Task objective: Pictures stay out of the output. Return exactly the lines below from the one with "Screenshot of a" down to the one with "Cathy und Mats", both included, and nothing more.

Material for the task:
=== Begin Enclosure ===

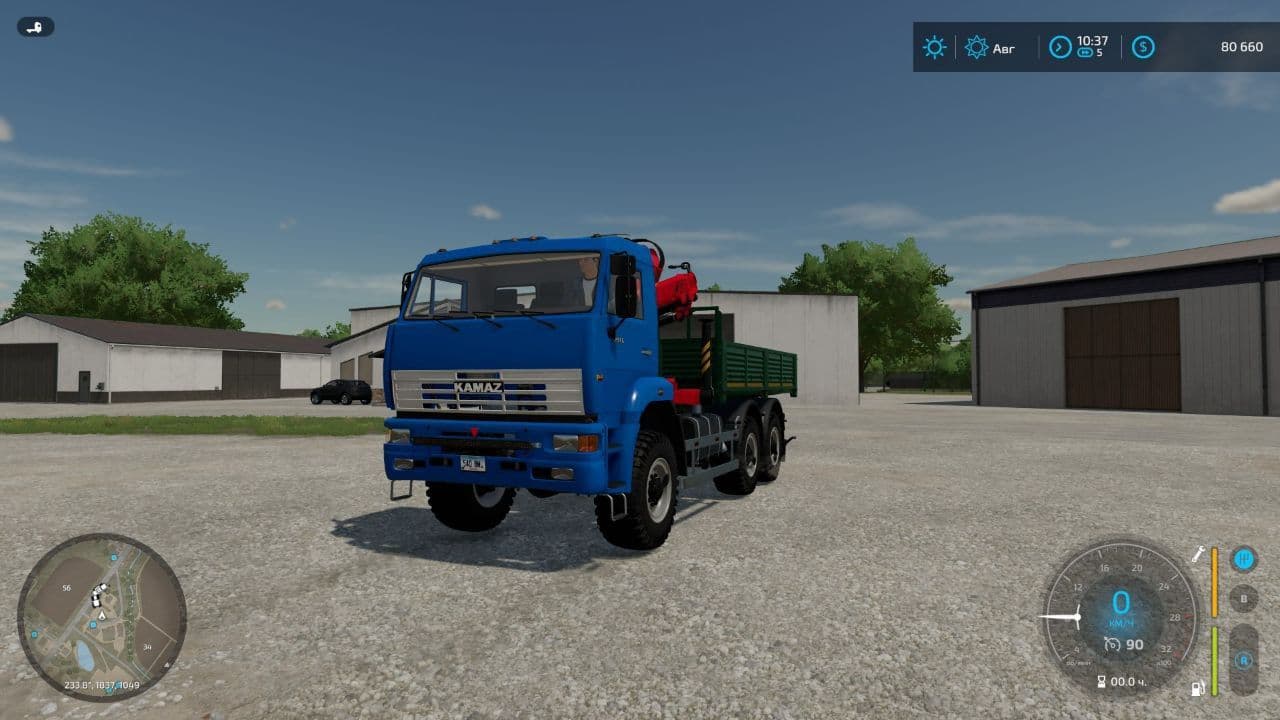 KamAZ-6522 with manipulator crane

=== End Enclosure ===
=== Begin Enclosure ===

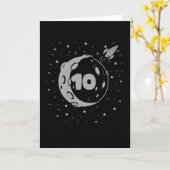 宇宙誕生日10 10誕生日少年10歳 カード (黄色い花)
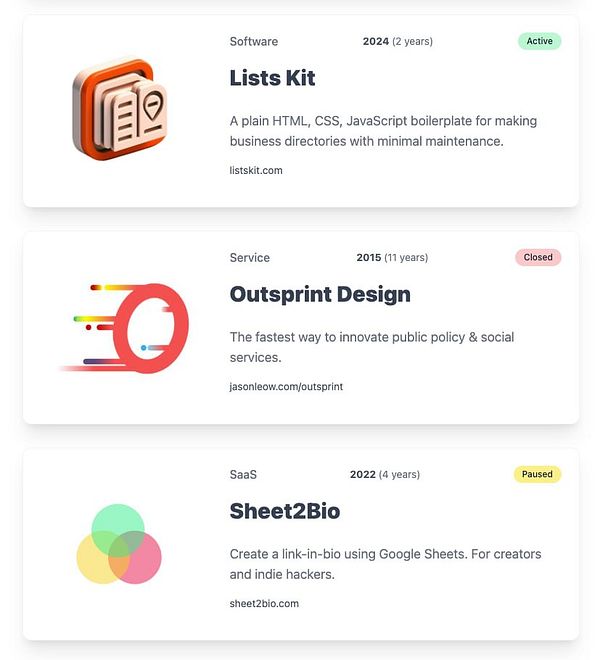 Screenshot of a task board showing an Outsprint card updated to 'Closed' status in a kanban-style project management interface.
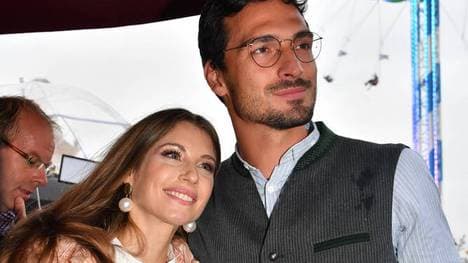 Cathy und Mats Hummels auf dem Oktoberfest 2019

=== End Enclosure ===
=== Begin Enclosure ===

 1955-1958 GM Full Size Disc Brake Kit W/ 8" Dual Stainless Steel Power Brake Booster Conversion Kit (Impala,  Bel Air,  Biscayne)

=== End Enclosure ===

Result of this task:
 Screenshot of a task board showing an Outsprint card updated to 'Closed' status in a kanban-style project management interface.
 Cathy und Mats Hummels auf dem Oktoberfest 2019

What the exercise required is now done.